When deploying AI and ML based workloads on a cluster, you need to install several tools separately to get the job done. With Kubeflow a collection of Kustomize manifests requires significant manual patching to use in production.
To avoid this manual process we will install all the necessary tools on our cluster with one stack, by using deployKF. Much like Kubeflow, deployKF gives you a collection of resources to deploy on your Kubernetes cluster to ensure that you have everything you need to begin pipelining. The biggest difference conceptually is that deployKF combines Kubeflow with a few other tools, into a centralized config system to manage all aspects of the platform, making the entirety of managing the cluster from an AI and ML perspective a bit easier.

Kubeflow Autopipe bases the execution of its pipeline on the default values setup by deployKF and provided in the Local Quickstart guide. If you decide to modify the manually created deploykf-app-of-apps or credentials for the deployKF dashboard, make sure to apply those changes to Kubeflow Autopipe.

Note: Kubeflow Autopipe is not a finish product and the deployKF project is still in its early stages, so there may be some bugs or issues that need to be resolved. If you encounter any issues, please report them on the current GitHub page.

Note: In Kubeflow Pipelines, you typically use container images hosted in a container registry, such as Docker Hub or Google Container Registry (GCR). This is because the Kubernetes cluster running the pipeline needs to pull the container image, and it generally cannot access images stored only locally on your machine.

For this purpose a .env file was provided to set your credentials. Kubeflow Autopipe considers Docker Hub as the chosen registry.

Requirements

Resource Minimum Requirement
CPU Cores 4
RAM 16 GB
Storage 64 GB

You will need to install the following dependencies:

Execution Order

By running the autopipe.py script in the main folder, the pipeline will be executed in the following order:

  1. save_media to copy the media file to be used as input to the pipeline, from the defined local path into the save-media folder that will be containerized and used as the first component to save the media into a Persistent Volume Container (PVC) when the pipeline will be executed.

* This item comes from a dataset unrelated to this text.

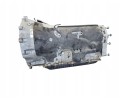 Land Rover Range Rover Sport L461 2023 Automatic transmission Catalog number of the part M8E27000HB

  2. download_components to download the components from the defined Git repository in the config file, into the components folder.
    1. Read application_dag.yaml: if defined, else skip download of components
    2. Clone Repository: Clones the repository containing the components into a temporary folder
    3. Copy Components: Copies the components from the temporary folder to the components folder
    4. Remove Temporary Folder: Removes the temporary folder where the repository was cloned

  3. docker_build to build the Docker images for each component in the components folder.
    1. Read application_dag.yaml: to get the names of the components
    2. Login to Docker
    3. Add Dockerfile: Add an universal Dockerfile defined in src/template/dockerfile.template to each component folder
    4. Build Docker Images: Build the Docker images for each component
    5. Push Docker Images: Push the Docker images to the Docker Hub registry (other registries can be used)
    6. Remove Untagged Images: Remove unused Docker images from the local machine

  4. pipeline_manager to create and execute the pipeline in the Kubeflow environment.
    1. Read application_dag.yaml: to get the names of the components, their dependencies and the name of the input media
    2. Create PVC: Create a Persistent Volume Container (PVC), with a unique name, to store the input media
    3. Create Pipeline: Create the Kubeflow pipeline function and file to be executed, by defining the sequence of components in order of their dependencies
    4. Execute Pipeline: Execute the pipeline in the Kubeflow environment, by running its function and file
    5. Download Output: Download the outputs of all the pipeline components from the PVC to the local machine
    6. Delete PVC: Delete the PVC used to store the input media

Used Conventions

IMPORTANT: As of how pipeline_manager is defined now, by using Persistent Volumes you save the output of each component and pass it to the next one, it takes into consideration that the output of each component is saved following this specific convention:

output_file_name = os.path.basename(output_path_dir)
output_file_name + ".tar.gz"

Kubeflow Autopipe does not extract the output_file_name path saved by the previous component (independently of the file's name) and use it as the input for the next component automatically, because it would imply to create and updated a generic pod after each component is run by overwriting the previous one, which is not an optimal approach.

Configuration

The pipeline's behavior is configured through the application_dag.yaml file. This YAML file defines the system's name, the Git repository where the component are located, the local path of the media to be used as input in the pipeline, the components name involved in the processing, and the dependencies between these components.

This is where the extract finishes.